I'm so proud of you, my precious Dana! I know how hard these times are for a mother. I cannot imagine how hard they are for a wife. God DOES give us strength, tenderness, compassion, and wisdom all at the right time. And, he brought you and Michael together at the right time. And I'm so thankful He did! I love you, my precious daughter-in-law!
Love you guys.
Dana & Michael,
I keep re-reading these posts and had to share a conversation I had with a friend of mine where we agreed that the "cliche" that "God never gives you more than you can handle" is really just b.s.!
It comes from a verse in the Bible that has been misinterpreted and twisted. 1 Corinthians 10:13 says "No temptation has seized you except what is common to man. And God is faithful; He will not let you be TEMPTED beyond what you can bear. But when you are tempted, he will also provide a way out so that you can stand up under it."
Life circumstances happen all the time that are too much for us to handle. Whether it's a broken neck, the loss of limbs, the loss of a child, or spouse, or loved one...ALL of these things are too much for us to handle. If we could handle these things ourselves, we wouldn't need God!
And so it goes, "Come to me, all you who are weary and burdened, and I will give you rest. Take my yoke upon you and learn from me, for I am gentle and humble in heart, and you will find rest for your souls." Matthew 11:28-30.
And this is the place Michael has come to...

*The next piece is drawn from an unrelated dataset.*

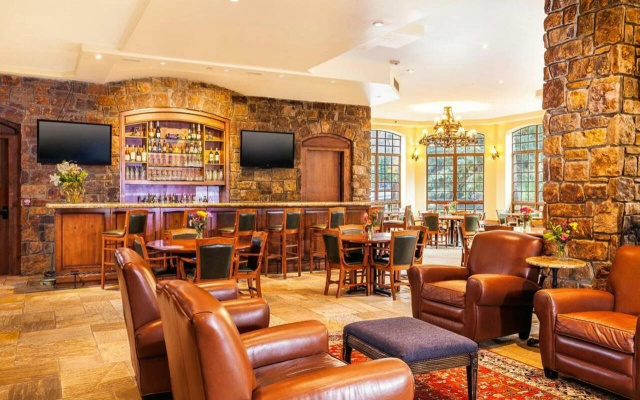 Tivoli Lodge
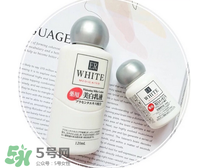大創(chuàng)美白乳液成分 大創(chuàng)美白乳液能擦臉嗎？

"Some days, like this weekend, it just comes to the point I cannot take it. I'm not strong enough to bear it all. There is nothing I can do to fix it. The one who supposedly can fix it doesn't. It hurts. It doesn't give in. It is always there. I would that it would all go away. When it doesn't, we suck it up and push through."
And you suck it up, push through, and by God's grace, make it through to the other side.
And for those who suffer, we pray the Holy Spirit will fill them to the brim and heal their pain, grief and despair.